Pintura de Pomar será a primeira de um artista vivo classificada em Portugal
O Almoço do Trolha, ícone do século XX português, vai a leilão na quarta-feira. Com o processo de classificação em curso, Estado poderá exercer o seu direito de preferência na compra.
Com a classificação, O Almoço do Trolha torna-se numa obra de circulação restrita, com protecções inscritas na lei 107/2001, conhecida como Lei de Bases do Património Cultural. Está nomeadamente obrigada a permanecer em território nacional. Qualquer alienação futura no estrangeiro poderá dar-se apenas mediante excepcional – e improvável – procedimento de desclassificação.
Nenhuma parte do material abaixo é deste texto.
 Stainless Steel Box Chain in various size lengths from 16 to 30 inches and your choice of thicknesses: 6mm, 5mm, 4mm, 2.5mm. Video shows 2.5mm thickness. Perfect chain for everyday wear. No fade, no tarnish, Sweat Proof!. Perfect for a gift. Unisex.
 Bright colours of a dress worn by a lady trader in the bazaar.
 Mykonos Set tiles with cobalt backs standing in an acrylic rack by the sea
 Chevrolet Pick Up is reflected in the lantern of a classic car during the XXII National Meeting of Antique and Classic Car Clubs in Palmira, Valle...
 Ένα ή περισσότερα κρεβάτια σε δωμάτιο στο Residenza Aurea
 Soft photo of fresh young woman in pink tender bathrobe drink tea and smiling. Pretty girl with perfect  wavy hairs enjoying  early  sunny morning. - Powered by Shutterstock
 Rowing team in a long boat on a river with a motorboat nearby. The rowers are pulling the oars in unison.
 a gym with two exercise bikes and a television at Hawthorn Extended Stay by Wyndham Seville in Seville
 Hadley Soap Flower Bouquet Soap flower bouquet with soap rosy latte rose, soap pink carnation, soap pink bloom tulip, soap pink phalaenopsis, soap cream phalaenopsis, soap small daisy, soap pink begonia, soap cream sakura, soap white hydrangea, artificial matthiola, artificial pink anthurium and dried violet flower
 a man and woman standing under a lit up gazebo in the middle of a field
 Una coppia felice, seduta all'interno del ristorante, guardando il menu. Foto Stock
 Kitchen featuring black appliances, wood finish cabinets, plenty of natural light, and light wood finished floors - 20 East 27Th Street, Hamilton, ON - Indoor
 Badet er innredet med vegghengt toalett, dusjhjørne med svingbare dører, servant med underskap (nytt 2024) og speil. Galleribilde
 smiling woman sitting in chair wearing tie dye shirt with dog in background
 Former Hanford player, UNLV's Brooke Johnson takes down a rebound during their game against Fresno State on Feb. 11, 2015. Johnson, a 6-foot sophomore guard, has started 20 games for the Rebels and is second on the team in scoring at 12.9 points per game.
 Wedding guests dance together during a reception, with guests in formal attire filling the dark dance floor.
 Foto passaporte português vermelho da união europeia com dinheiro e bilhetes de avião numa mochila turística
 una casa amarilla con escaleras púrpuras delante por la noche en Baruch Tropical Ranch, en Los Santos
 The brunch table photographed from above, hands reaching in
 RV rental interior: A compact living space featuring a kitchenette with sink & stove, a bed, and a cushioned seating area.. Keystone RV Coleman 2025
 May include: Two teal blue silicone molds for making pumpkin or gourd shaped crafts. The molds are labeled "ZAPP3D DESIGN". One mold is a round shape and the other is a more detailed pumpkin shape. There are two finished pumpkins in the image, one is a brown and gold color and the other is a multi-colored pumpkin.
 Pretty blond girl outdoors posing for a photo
A Correio Velho recebeu na quinta-feira à noite uma carta do director-geral do Património Cultural, Nuno Vassallo e Silva, a anunciar a abertura deste processo, iniciado a pedido de dois especialistas: a historiadora de arte Raquel Henriques da Silva, membro da secção de museus do Conselho Nacional de Cultura, e o também historiador de arte, David Santos, ex-director do Museu do Neo-realismo de Vila Franca de Xira e actual director do Museu Nacional de Arte Contemporânea – Museu do Chiado.
Contactado na quinta-feira pelo PÚBLICO, Vassallo e Silva referiu que "é uma peça importantíssima”. Escusou-se, no entanto, a prestar quaisquer outras declarações. Até ao leilão ficará por saber se o Estado comprará a obra.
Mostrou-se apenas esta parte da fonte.